= ASSIGNMENT =
Once you find a line containing the word "PromoCode" in the entries below, copy it.

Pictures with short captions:
>>>>>

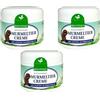 drezhaukar Balsamo per crema di marmotta, biologico, per la cura della pelle, 3 x 125 ml
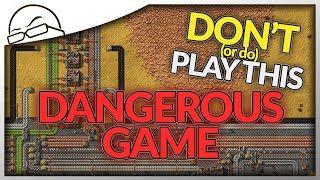 *BE CAREFUL* Factorio is a DANGEROUS GAME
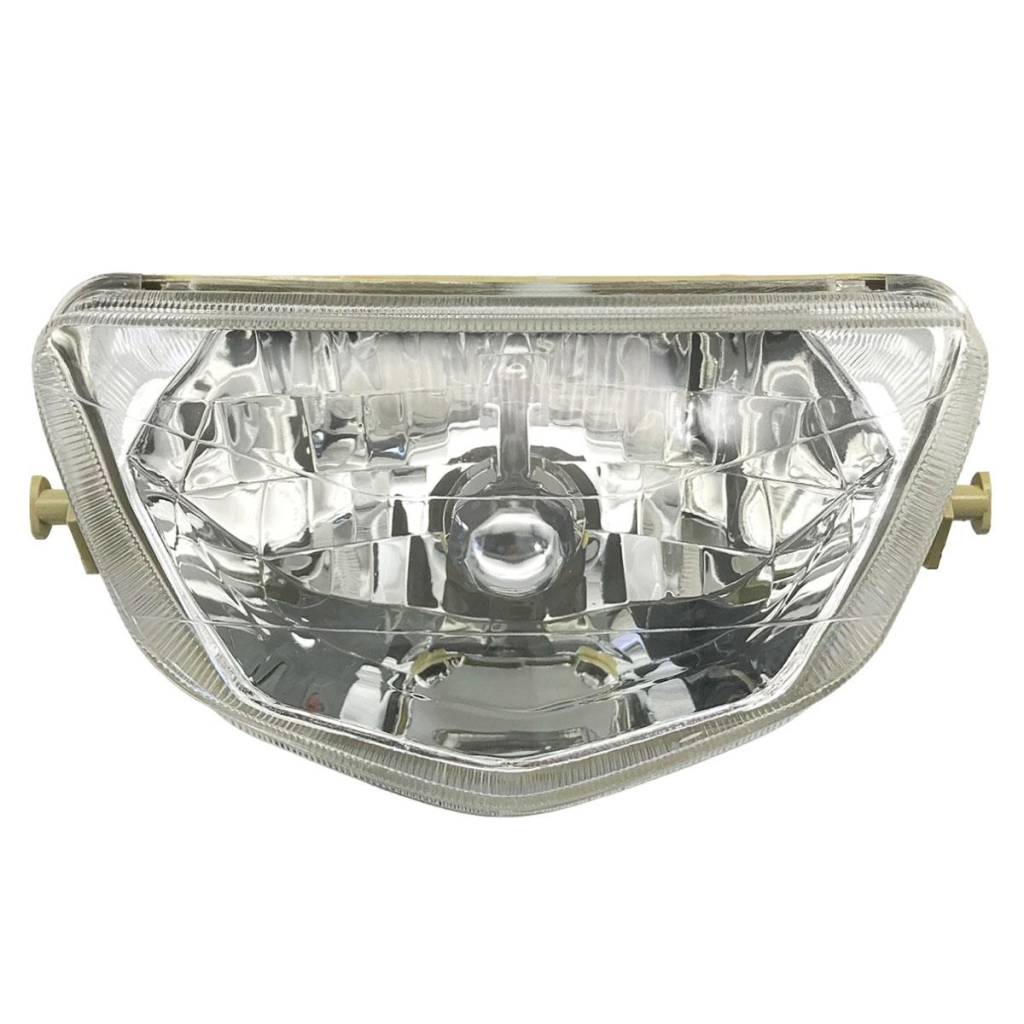 ΦΑΝΑΡΙ ΕΜΠΡΟΣ YAMAHA Z125 ΧΡΩΜΙΟ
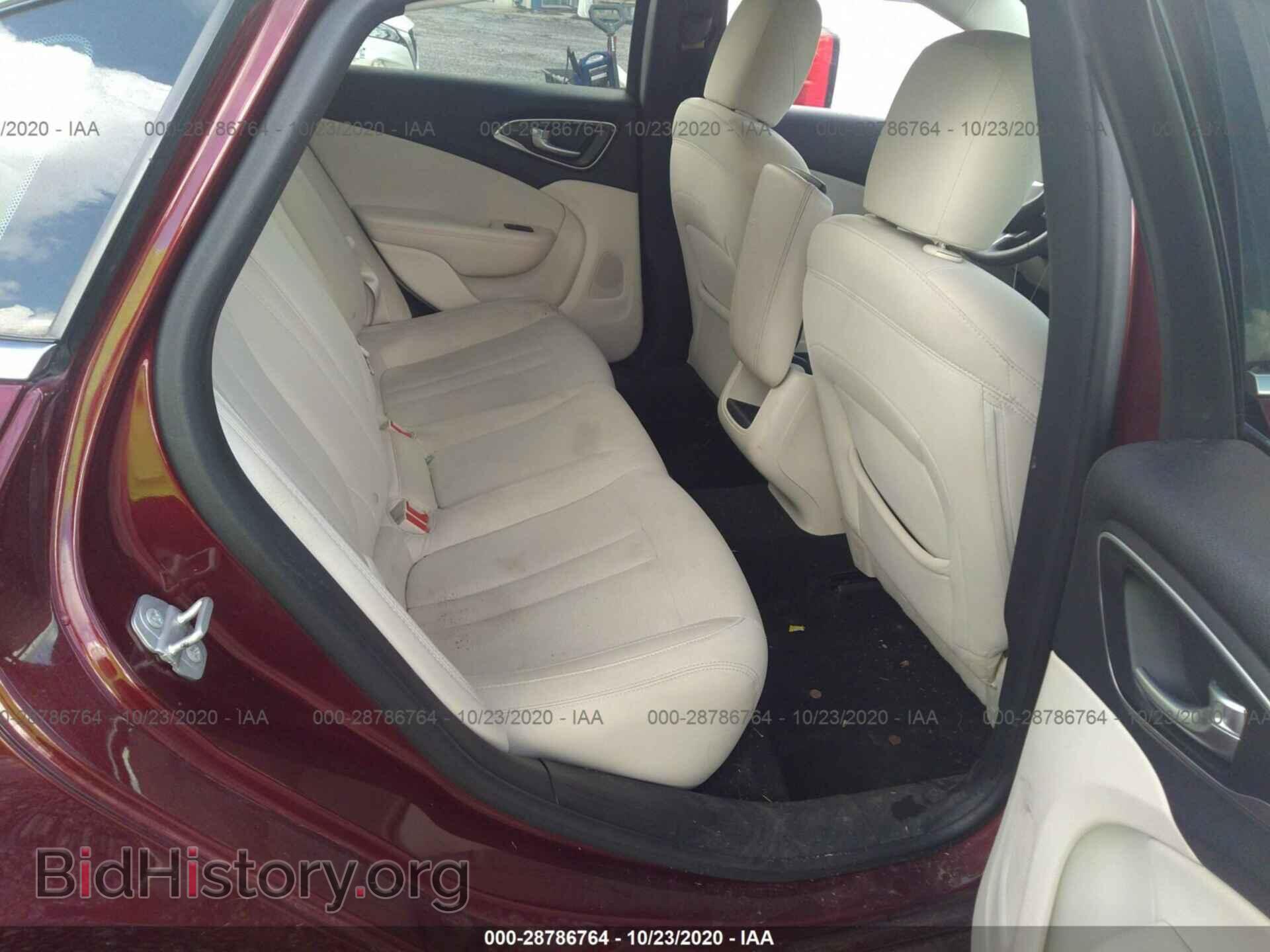 2016 CHRYSLER 200 - VIN: 1C3CCCAB8GN112584 - Photo 8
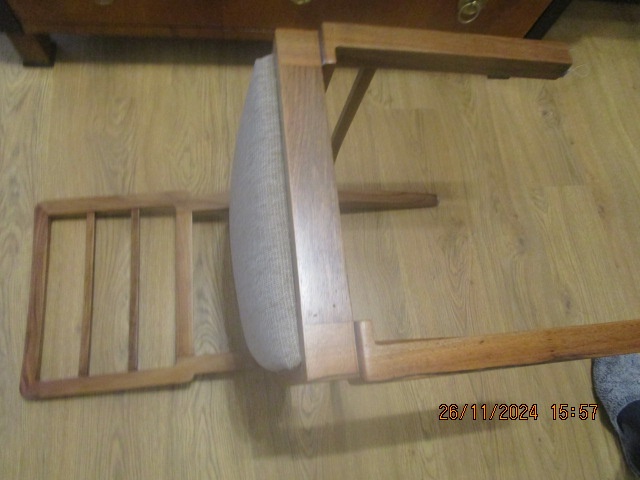 Židle - 30. léta - 3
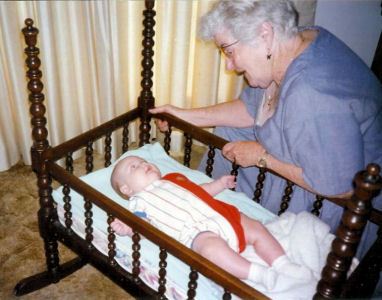 Leyes cradle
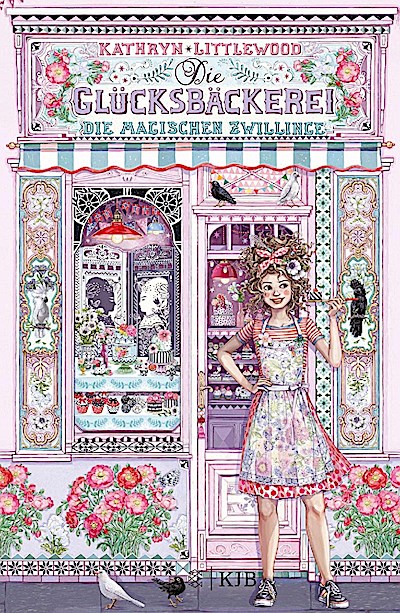 Die Glücksbäckerei - Die magischen Zwillinge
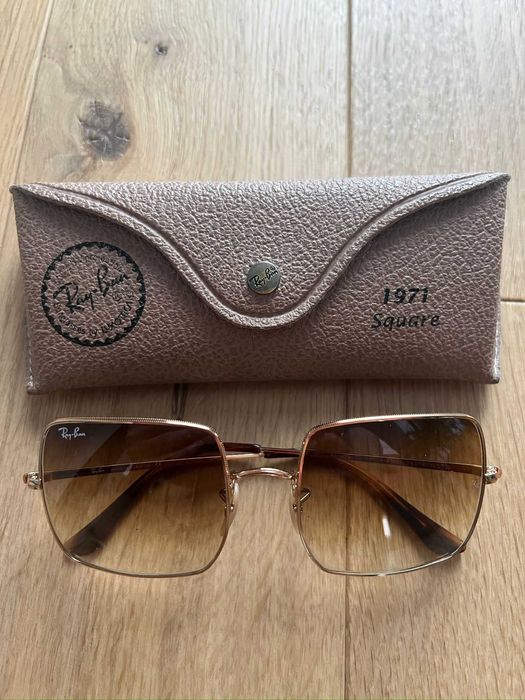 Ochelari Ray Ban 1971 Square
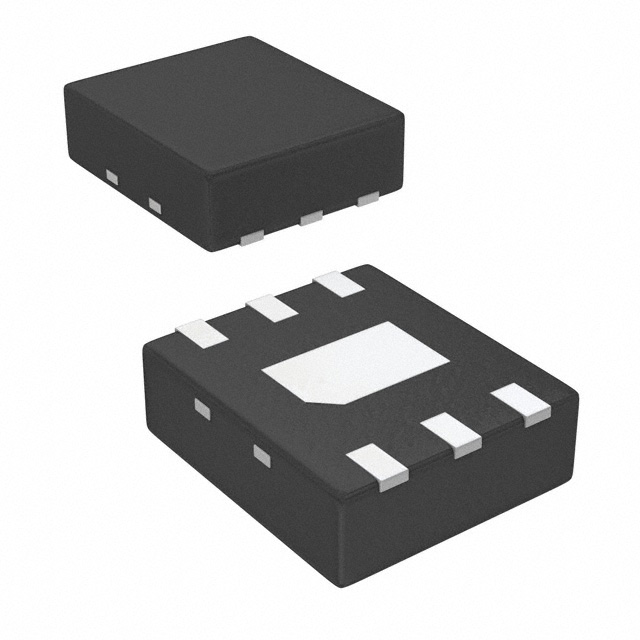IC RF DETECT 450MHZ-2GHZ 6WSON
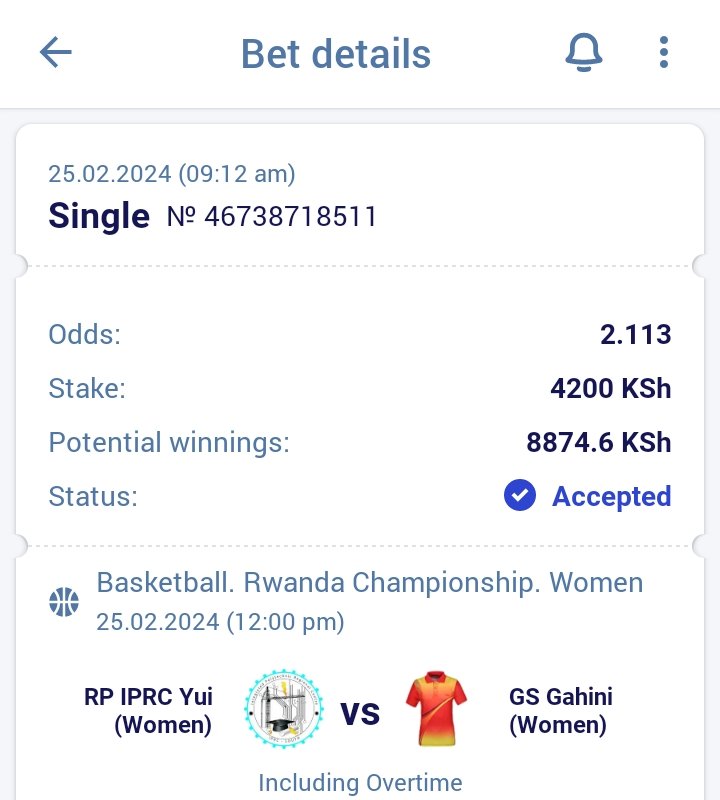 SalvageTips's tweet photo. PariPesa 2 Odds 🔥
Betslip code 👉 ZB5TN

Register Using This Link
🔗  https://t.co/y0GwPmAUhu

PromoCode : MULLAH

🎁 Join Using My PromoCode ,Deposit Play and receive a 300% Welcome bonus🤑.

(sifuna eric omondi ogopa Ruto unfat kiambu) https://t.co/FOBlZuNNMi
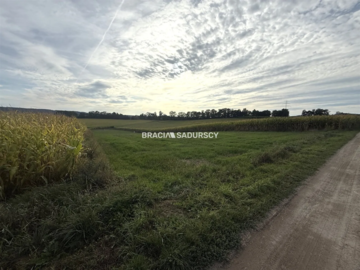 Widokowa działka Karniowice gmina zabierzów, 605m2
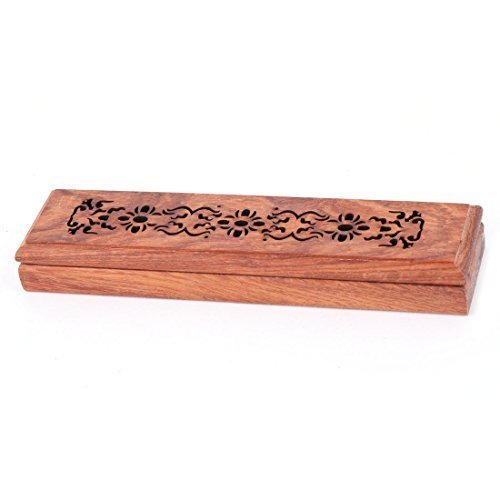 MSC Wooden Incense Box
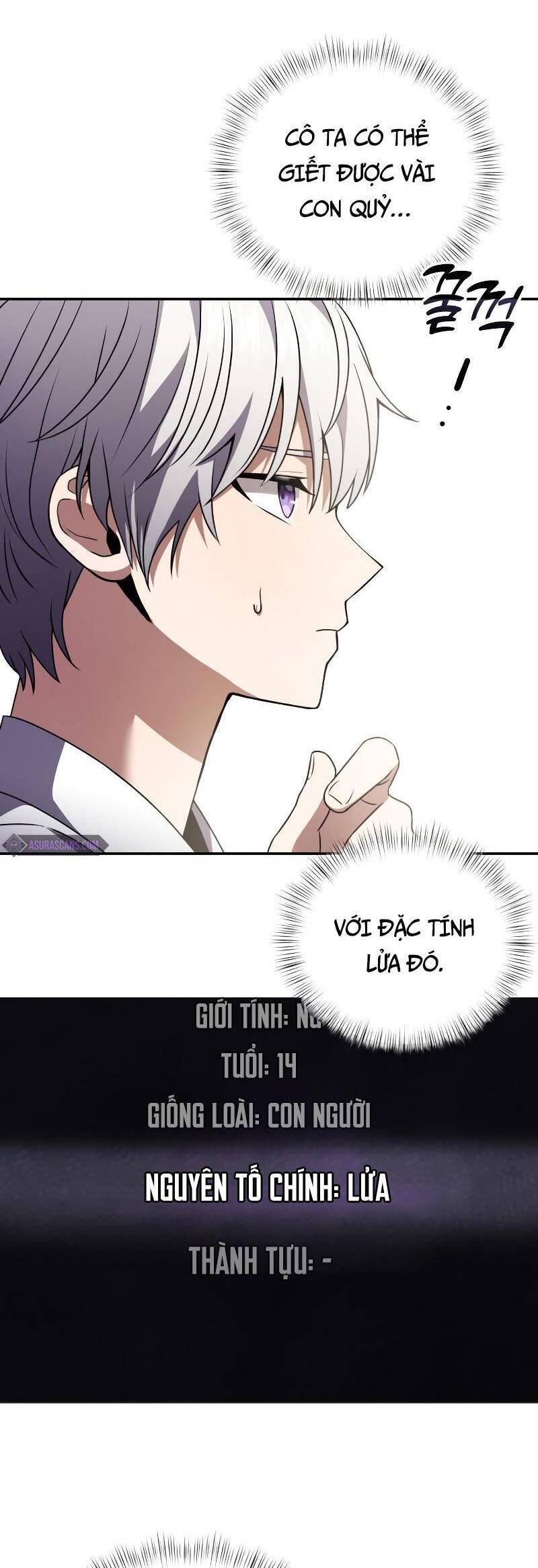Hắc Kị Sĩ Thiên Tài Giới Hạn Thời Gian chapter 5 - Upload bởi truyensieuhay.com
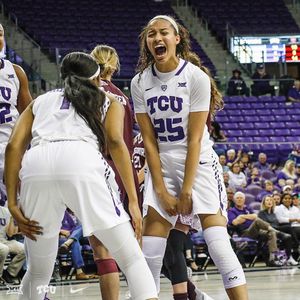 Image post by @tcuwbb on Instagram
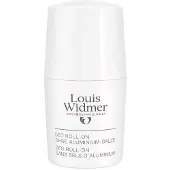Louis Widmer Widmer Deo Roll-on Ohne Aluminium unparfümiert 50 ml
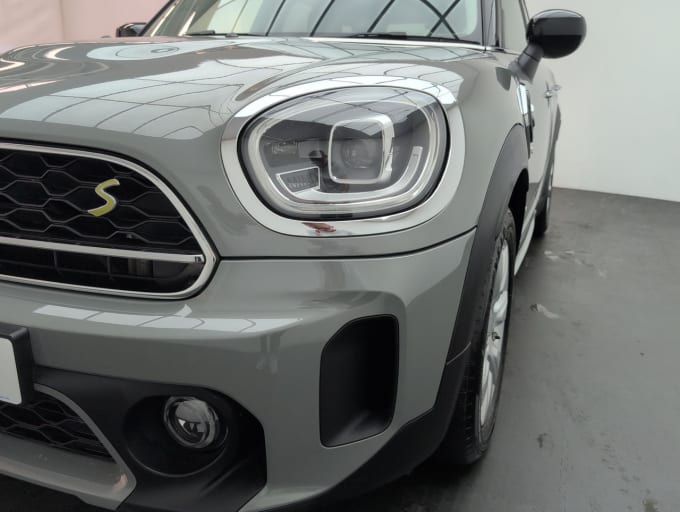 2025 Mini Countryman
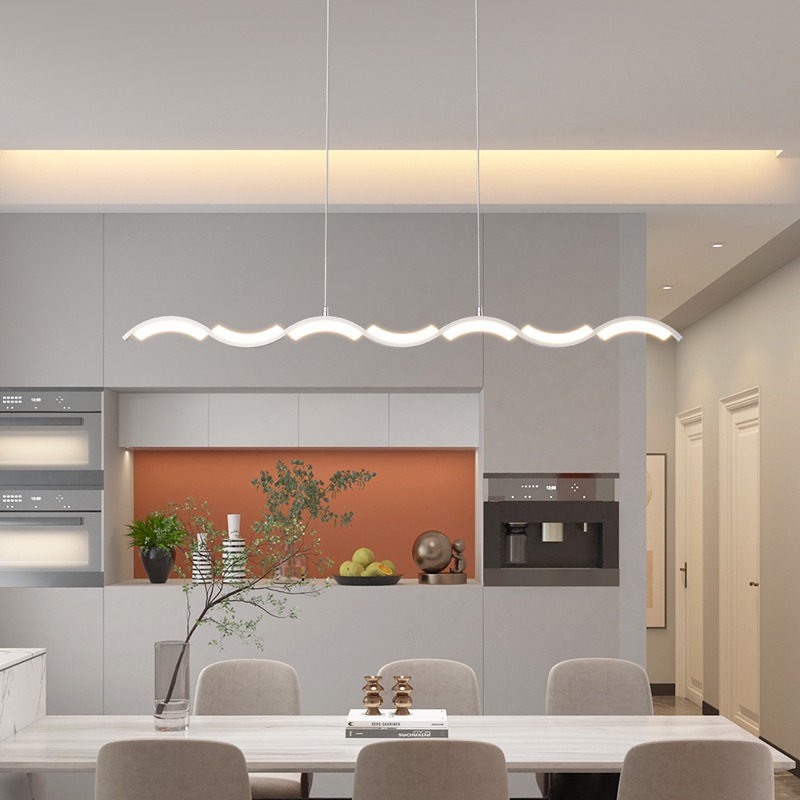 2025 nieuwe high-end eetkamer  - Home Bar Word recensie en prijs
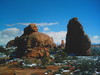 Arches National Park by Moab
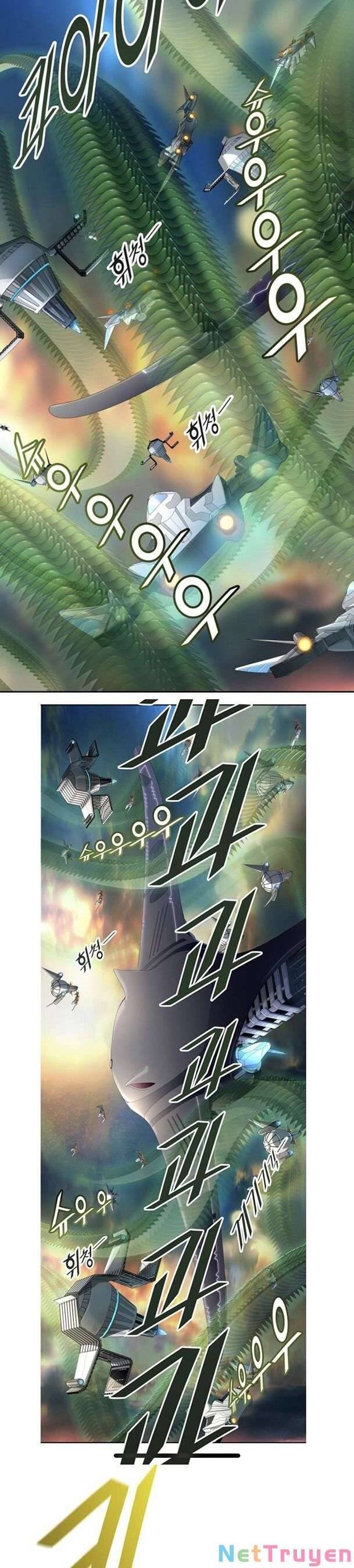 Tòa Tháp Bí Ẩn 2: Chapter 539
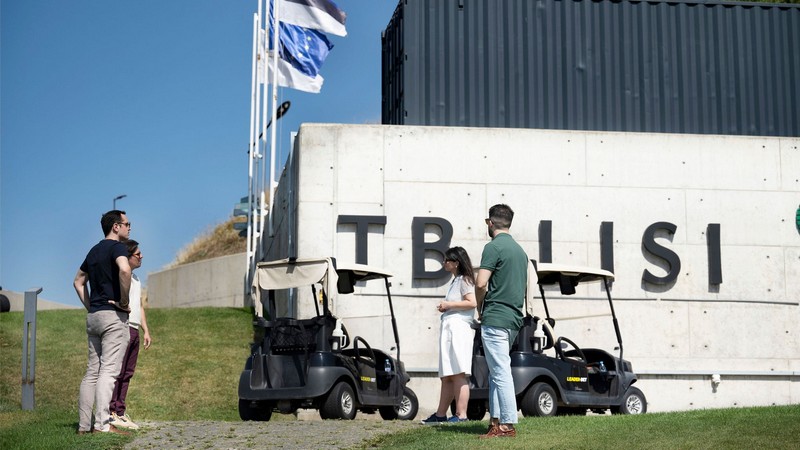 В Тбилиси появится первый многофункциональный гольф-клуб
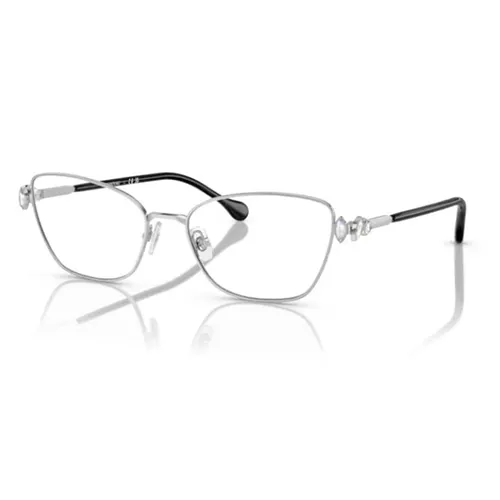 Gọng Kính Nữ Swarovski 0SK1006 400153 Màu Bạc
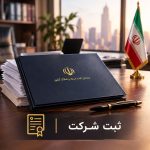 657 - ثبت شرکت - سورنا ثبت 657 - ثبت شرکت - سورنا ثبت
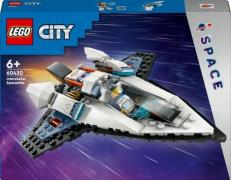 LEGO City 60430 Raumschiff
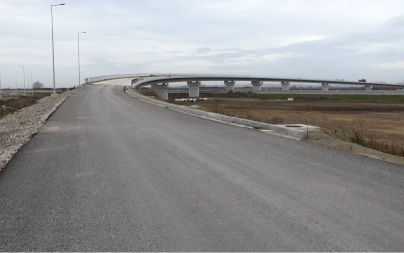 Radovi napreduju na autoputu ka BiH - Uskoro brže do Sarajeva (VIDEO)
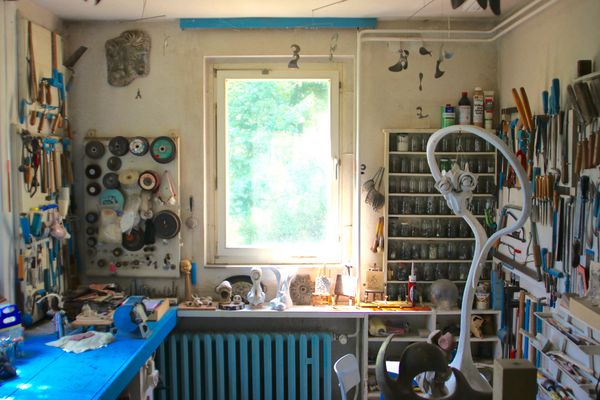 ... Atelierwerkstatt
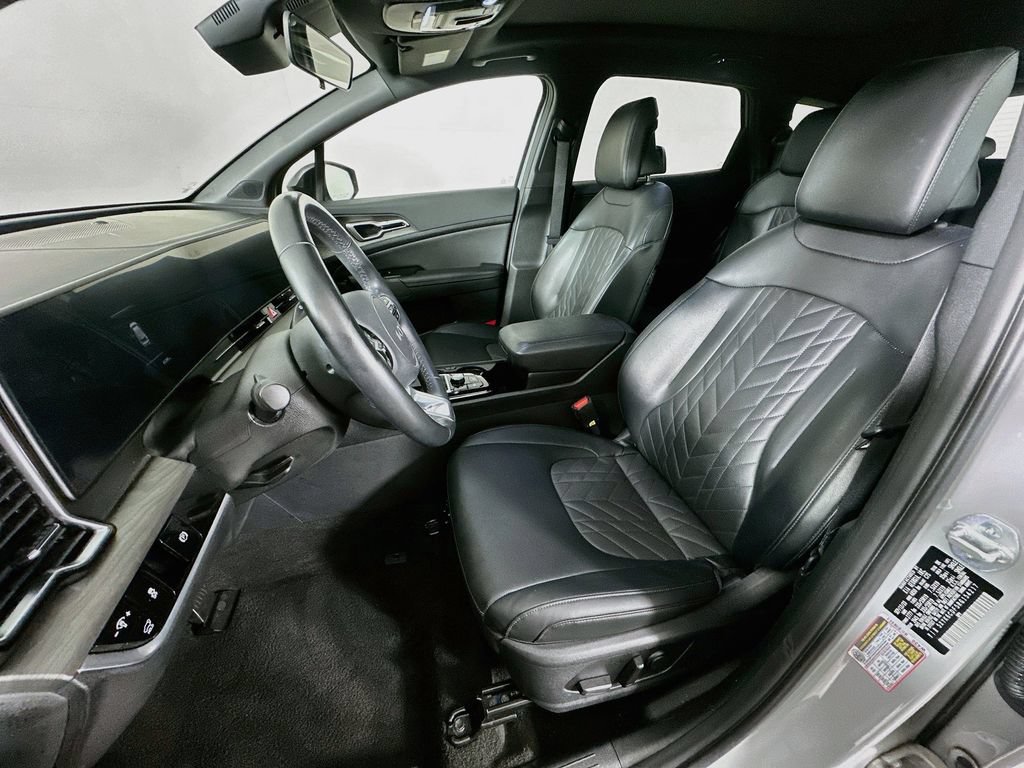 Certified 2024 Kia Sportage X-Line w/ X-Line Premium Package AWD/4WD image 29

<<<<<

= SOLUTION TO THE PROBLEM =
PromoCode : MULLAH
🎁 Join Using My PromoCode ,Deposit Play and receive a 300% Welcome bonus🤑.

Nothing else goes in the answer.